Contributed Talk 3

Abstract: Signal loss poses a significant threat to the security of quantum cryptography when the chosen protocol lacks loss-tolerance. In quantum position verification (QPV) protocols, even relatively small loss rates can compromise security. The goal is thus to find protocols that remain secure under practically achievable loss rates. In this work, we modify the usual structure of QPV protocols and prove that this modification makes the potentially high transmission loss between the verifiers and the prover security-irrelevant for a class of protocols that includes a practically-interesting candidate protocol inspired by the BB84 protocol. This modification, which involves photon presence detection, a small time delay at the prover, and a commitment to play before proceeding, reduces the overall loss rate to just the prover’s laboratory. The adapted protocol then becomes a practically feasible QPV protocol with strong security guarantees, even against attackers using adaptive strategies. As the loss rate between the verifiers and prover is mainly dictated by the distance between them, secure QPV over longer distances becomes possible.
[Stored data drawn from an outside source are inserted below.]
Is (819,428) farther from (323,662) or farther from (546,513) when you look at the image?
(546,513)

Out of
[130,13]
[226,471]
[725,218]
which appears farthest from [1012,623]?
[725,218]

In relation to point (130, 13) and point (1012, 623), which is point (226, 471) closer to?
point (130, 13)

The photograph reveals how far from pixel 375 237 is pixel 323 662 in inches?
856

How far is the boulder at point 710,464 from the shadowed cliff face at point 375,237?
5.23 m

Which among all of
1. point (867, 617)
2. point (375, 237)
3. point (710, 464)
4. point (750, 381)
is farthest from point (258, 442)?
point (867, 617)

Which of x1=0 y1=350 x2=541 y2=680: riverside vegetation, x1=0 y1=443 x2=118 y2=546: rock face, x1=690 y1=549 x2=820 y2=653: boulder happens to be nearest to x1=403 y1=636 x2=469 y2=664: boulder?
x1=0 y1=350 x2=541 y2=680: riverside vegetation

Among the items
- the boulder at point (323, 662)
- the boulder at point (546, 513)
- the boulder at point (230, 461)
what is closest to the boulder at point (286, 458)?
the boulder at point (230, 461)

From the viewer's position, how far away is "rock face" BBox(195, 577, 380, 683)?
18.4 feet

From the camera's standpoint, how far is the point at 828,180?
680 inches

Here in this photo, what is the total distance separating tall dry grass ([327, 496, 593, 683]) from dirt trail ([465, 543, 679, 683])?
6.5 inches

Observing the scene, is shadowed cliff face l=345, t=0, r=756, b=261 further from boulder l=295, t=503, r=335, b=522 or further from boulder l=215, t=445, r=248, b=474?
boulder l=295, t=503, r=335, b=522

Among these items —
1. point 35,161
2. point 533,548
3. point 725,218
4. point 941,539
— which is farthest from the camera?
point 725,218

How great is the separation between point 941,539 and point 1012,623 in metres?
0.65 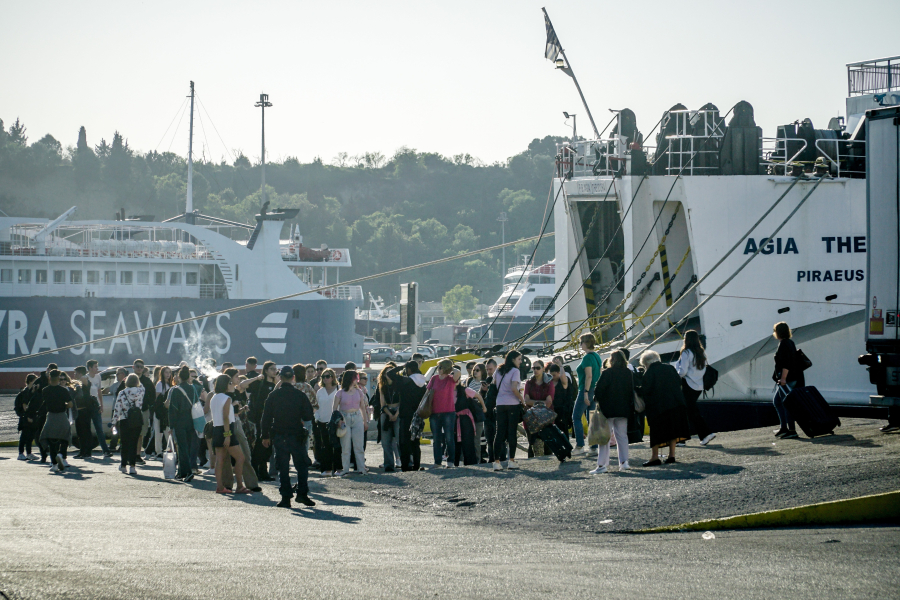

We also show possible implementations of the required photon presence detection, making the adapted protocol a protocol that solves all major practical issues in QPV. Finally, we discuss experimental aspects and give parameter estimations.

Abstract: The conditional disclosure of secrets (CDS) primitive is among the simplest cryptographic settings in which to study the relationship between communication, randomness, and security. CDS involves two parties, Alice and Bob, who do not communicate but who wish to reveal a secret $z$ to a referee if and only if a Boolean function $f$ has $f(x,y)=1$. Alice knows $x,z$, Bob knows $y$, and the referee knows $x,y$. Recently, a quantum analogue of this primitive called CDQS was defined and related to $f$-routing, a task studied in the context of quantum position-verification. CDQS has the same inputs, outputs, and communication pattern as CDS but allows the use of shared entanglement and quantum messages. We initiate the systematic study of CDQS, with the aim of better understanding the relationship between privacy and quantum resources in the information theoretic setting. Following the classical literature on CDS for guidance, we establish closure under negation, an amplification property, and prove a number of lower bounds on CDQS based on communication complexity.

Abstract: A non-local quantum computation (NLQC) replaces an interaction between two quantum systems with a single simultaneous round of communication and shared entanglement. We study two classes of NLQC, f-routing and f-BB84. These are well studied in the context of position-verification, where they are leading candidates for feasible and secure verification schemes. Both settings require an honest prover implement only O(1) quantum operations. We prove that a dishonest prover must use linear quantum resources to attack the same scheme. First, we give the first non-trivial lower bounds on entanglement in both settings, but are restricted to lower bounding protocols with perfect correctness. Our bound can be stated in terms of the quantum non-deterministic communication complexity of f. For the equality, non-equality, and greater-than functions we obtain linear lower bounds on entanglement for f-routing and f-BB84 in the perfect setting. In a second result, which applies in the robust setting, we give a new lower bound on the number of quantum gates and measurements needed to attack these verification schemes. We lower bound the gates plus measurements linearly in the simultaneous message passing cost of the function f. This leads to a linear bound against the inner product function. This gives a clear separation between the difficulty of implementing these tasks in the honest and dishonest settings, and does so in a noise robust and loss tolerant setting.